Kaum eine Wahl wird heute noch durchgeführt, ohne dass daraufhin öffentlich spekuliert wird, ob der Souverän «gut» entschieden hat, und falls nicht, wer für dieses Ungeschick verantwortlich ist. Mal sind es dann finanziell potente Volkstribune, die die Bürger mit Desinformationskampa­gnen dazu gebracht haben sollen, gegen die eigenen Interessen zu stimmen, mal sollen hippe Big-Data-Buden in unheiliger Allianz mit Facebook uns den Kopf verdreht haben, neuerlich stehen sogar russische Hacker wieder hoch im Kurs. Die eigentlichen Protagonisten demokratischer Entscheidungsprozesse rücken paradoxerweise immer seltener in den Fokus der Kritik: Politiker und Stimmbürger. Sie sitzen schliesslich, so der Philosoph Karl Popper, am Wahltag gemeinsam zu «Gericht» – und für einmal sollen letztere über erstere (und: ihre Arbeit in der letzten Legislaturperiode) richten. Nicht die Wahl einer neuen Regierung ist also laut Popper der zentrale Wettbewerbsvorteil der liberalen Demokratie, sondern die Abwahl. Deswegen ist eine «Chinese Democracy» eben keine Democracy.

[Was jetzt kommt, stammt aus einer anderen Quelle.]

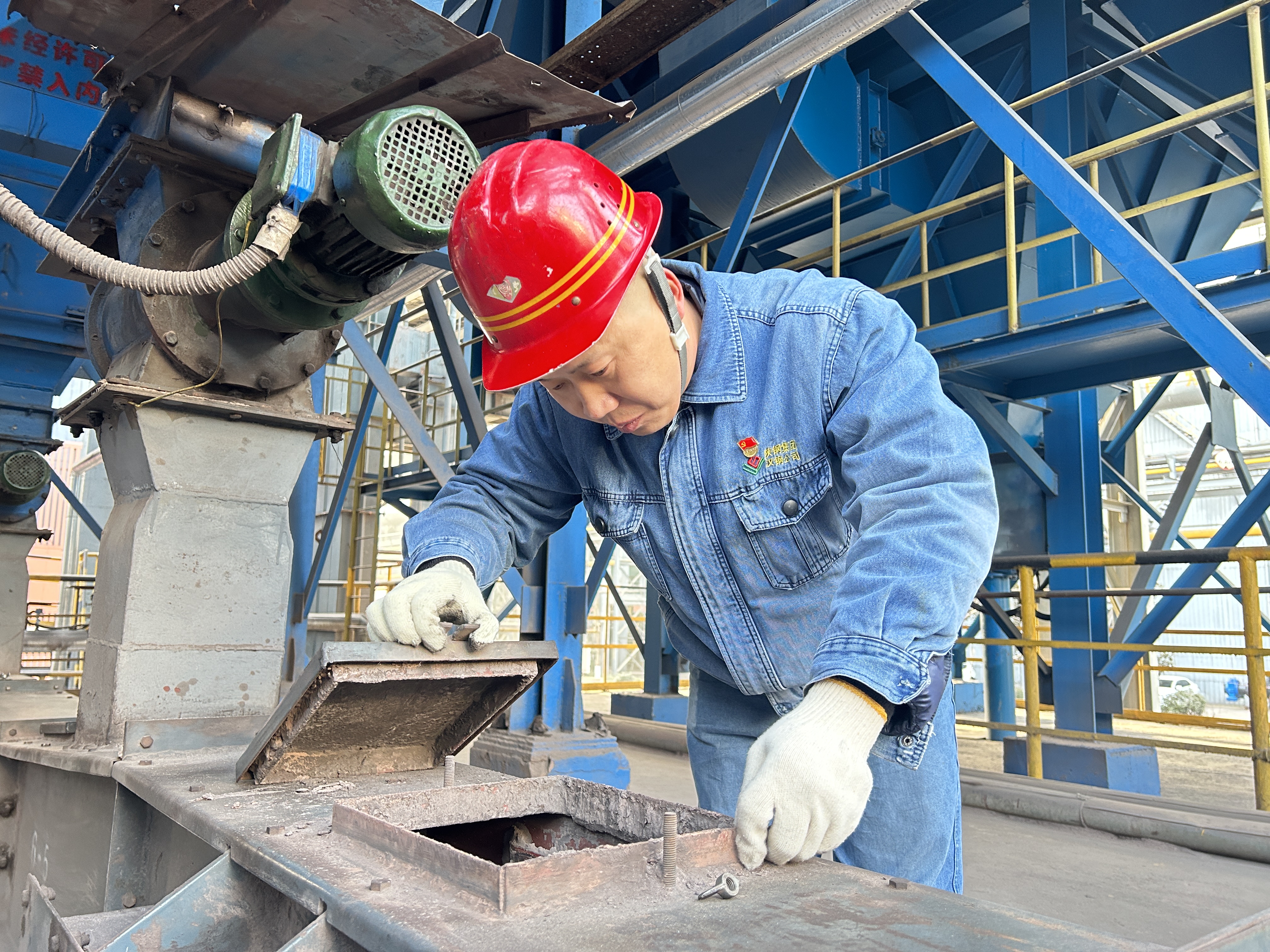 带着党徽的铁前“守门员”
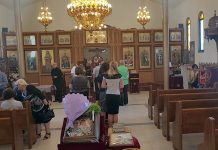 Света Литургија во црквата Света Злата Мегленска во Хоперс Кросинг (Недела на Блудниот син)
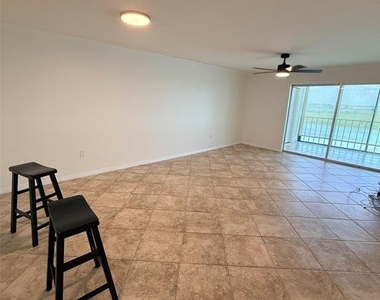9393 Midnight Pass Road - Photo Thumbnail 11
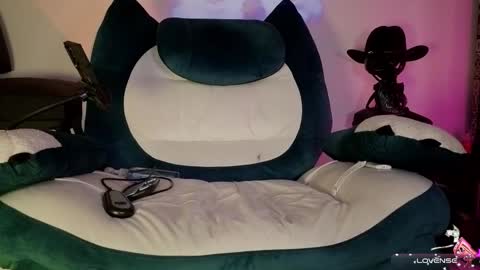 Oliver online show from November 8, 1:06 am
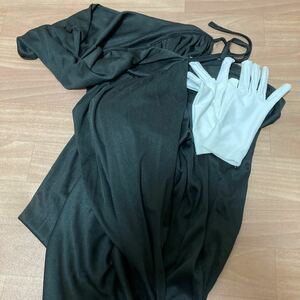 ハロウィン　ドラキュラ　マント　140センチ　フード付き　ヴィランズ　黒 グローブ ブラック 手袋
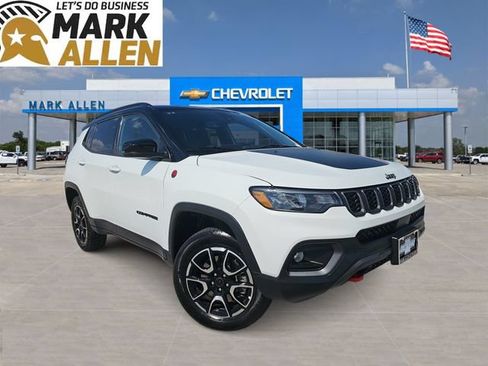 Used 2025 Jeep Compass Trailhawk AWD/4WD image 1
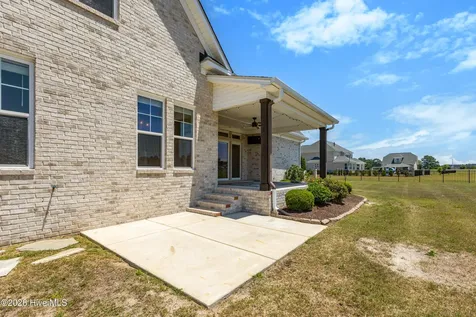 1357 Autumn Lakes Drive Grimesland NC 27837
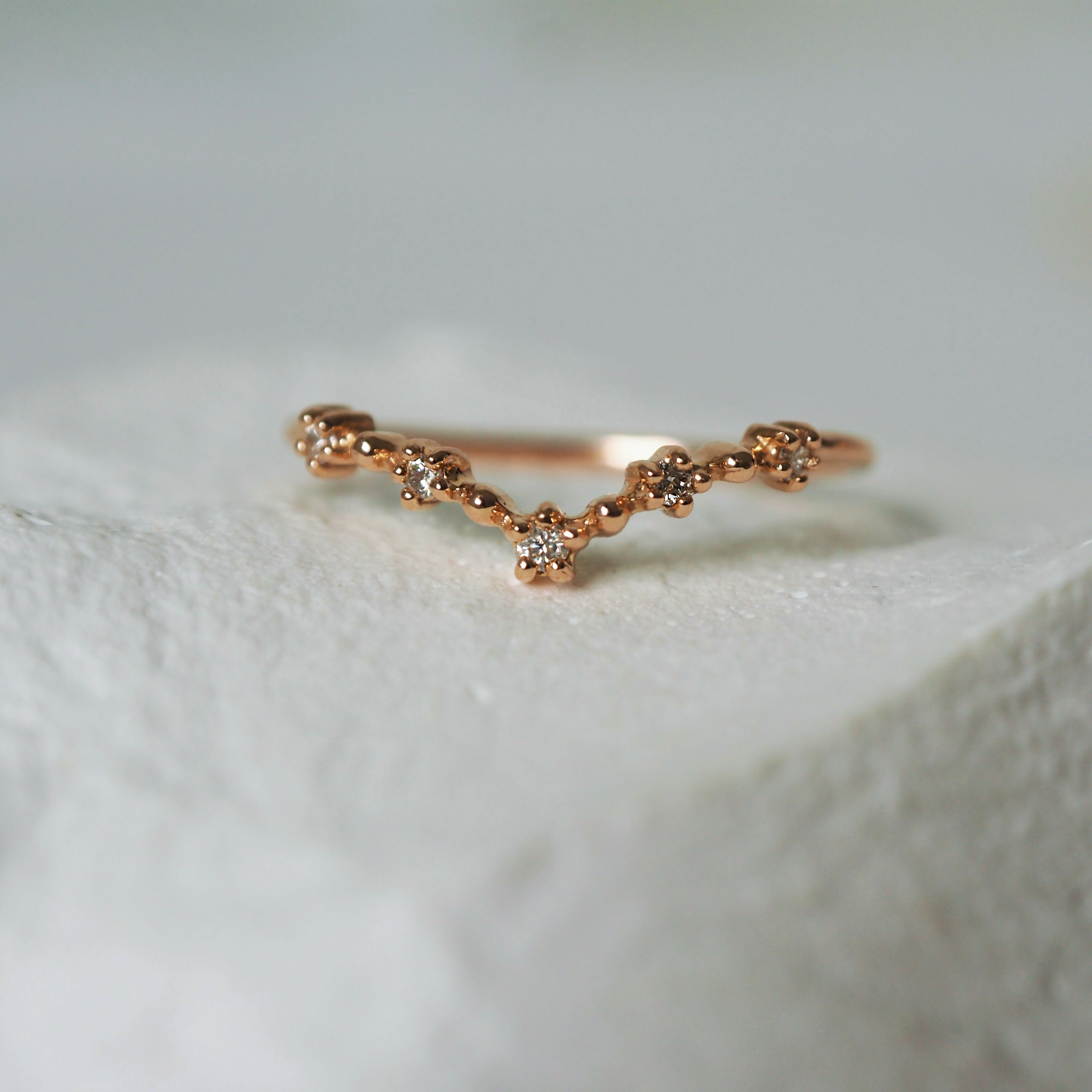 14K Stardust五顆真鑽V形戒指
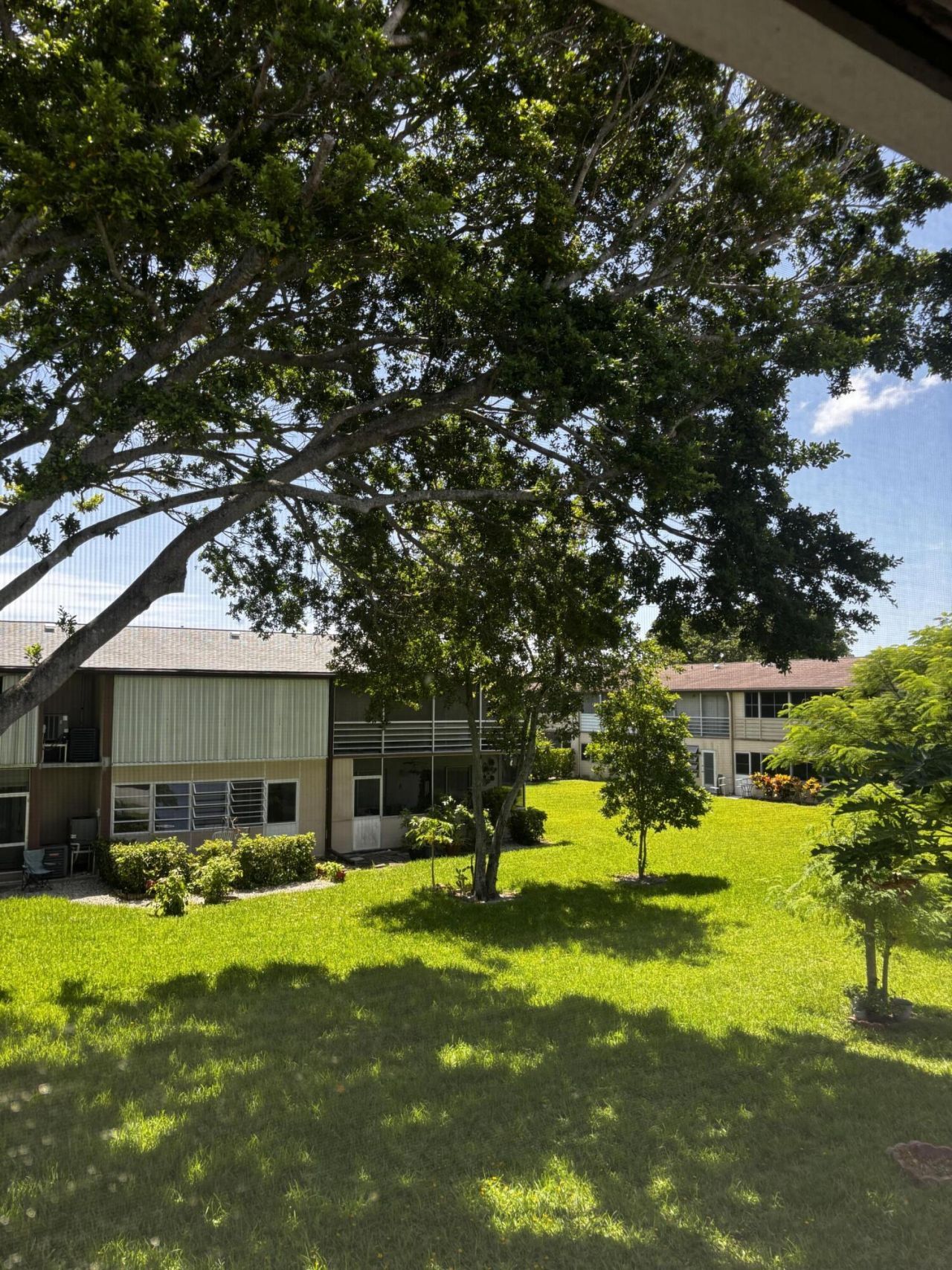 310 Chatham O, Unit 310, West Palm Beach, FL 33417 Photo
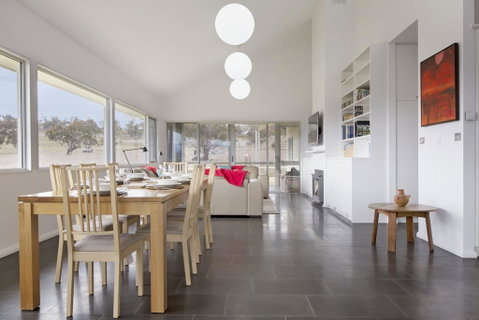 Manna Tree Farm -modern Home With Majestic Views In Stunning Countryside - Accommodation Tasmania 2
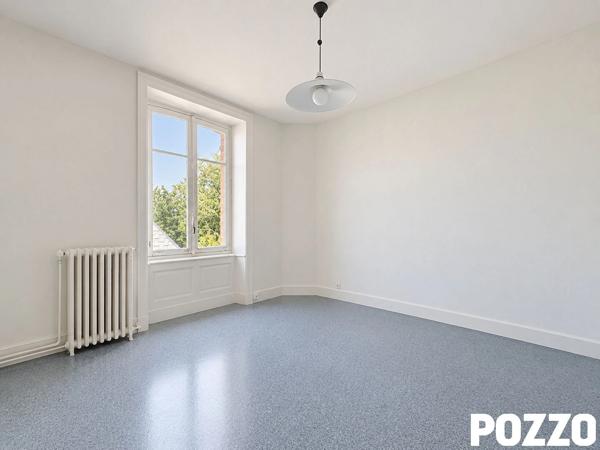 VILLA DE CHARME - QUARTIER SAINT-PAUL -5 CHAMBRES - JARDIN -GARAGE GRANVILLE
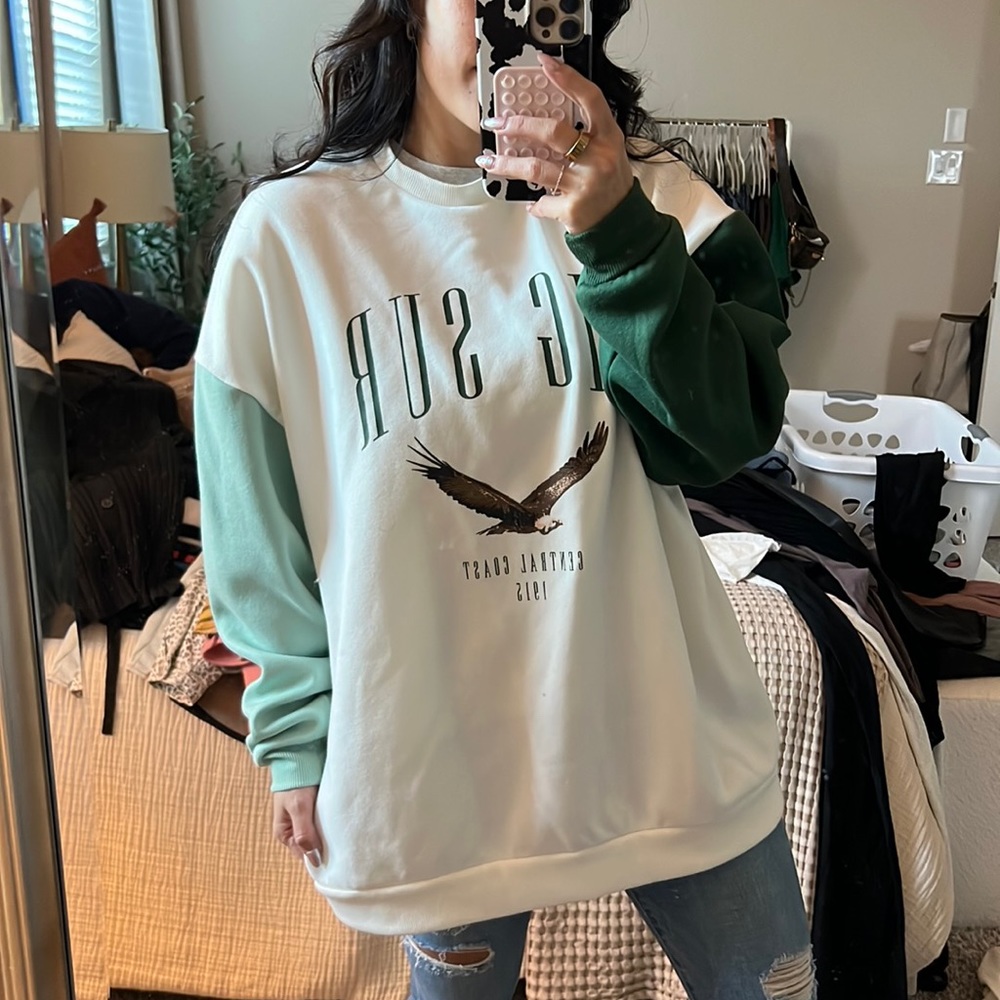 Oversized sweatshirt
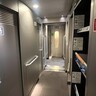 東海道新幹線のトイレ半分が女性専用に変更　男性が反発、女性が心配するワケ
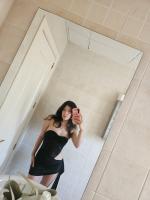 612213286: Chica busca chico en Barcelona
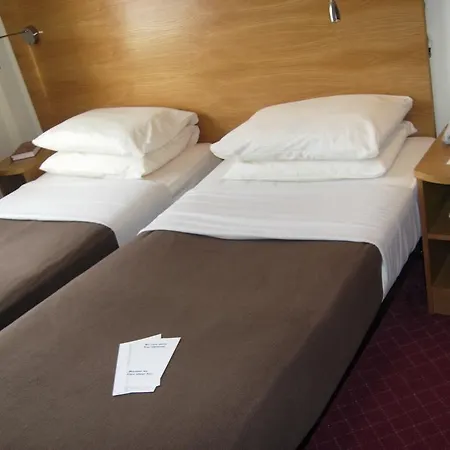 Hotel Ambassadors Londra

Im Hinblick auf dieses «Volksgericht» hat sich in liberalen Kreisen vor allem das Narrativ des von staatlichen Leistungen direkt oder indirekt abhängigen Urnentrottels eingebrannt, der für immer neue Goodies aus der Staatskasse bereit ist, sich am Wahltag selbst aufzugeben. Tocqueville, später auch Hayek wiesen als überzeugte Demokraten zu Recht darauf hin, dass diese Gefahr mit dem Umverteilungsapparat wächst: wo die Bürger der Eigeninitiative entwöhnt werden, werden sie empfänglicher für mehr zwangskollektivierte Fürsorge. Logisch. Wer jedoch den Bürgern auf lange Sicht kollektive ökonomische Dummheit attestiert und so tut, als seien stets nur jene Politiken an der Urne erfolgreich, die nach dem Hundeleckerli-Prinzip funktionieren, scheitert nicht nur am urliberalen Bild des prinzipiell vernunftbegabten Menschen, sondern auch an der Empirie: Wenn 65,3 Prozent die 1:12-Initiative oder 66,5 Prozent die Initiative «6 Wochen Ferien» versenken, gelten die Mehrheitsmitbürger als «eigenverantwortlich» und «weise». Wenn 71,6 Prozent aber die No-Billag-Initiative versenken, sind sie «eingeschüchtert-staatsgläubige» Fehlinformierte. Irgendwo passt da etwas nicht zusammen.

Jason Brennan, der aktuell bekannteste und streitbarste liberale Demokratiekritiker, hat eine Idee, wo: er weist in dieser Ausgabe nach, dass unsere populäre Auffassung von Demokratie  mit der Realität kollidiert. Schon die Annahme, dass Wähler am Wahltag rationale (also: Pro und Contra vernünftig und umfassend abwägende) Entscheidungen treffen, ist nachweislich falsch – und bloss der Beginn einer langen Kaskade von weiteren Missverständnissen. Das grosse Dossier in dieser Ausgabe zeigt die liberale Demokratie denn auch als eine Staatsform, die alles andere als perfekt und auch nicht a priori alternativlos oder gar «heilig» ist – im Gegenteil. Wer aber angesichts einiger systemischer Fehlanreize glaubt, das Modell sei im Angesicht der Trumps, Orbáns, Cambridge Analyticas und Xi Jinpings aus freiheitlicher Sicht nicht (mehr) konkurrenzfähig, wird ebenfalls eines Besseren belehrt.


Michael Wiederstein 
 ist Chefredaktor dieser Zeitschrift.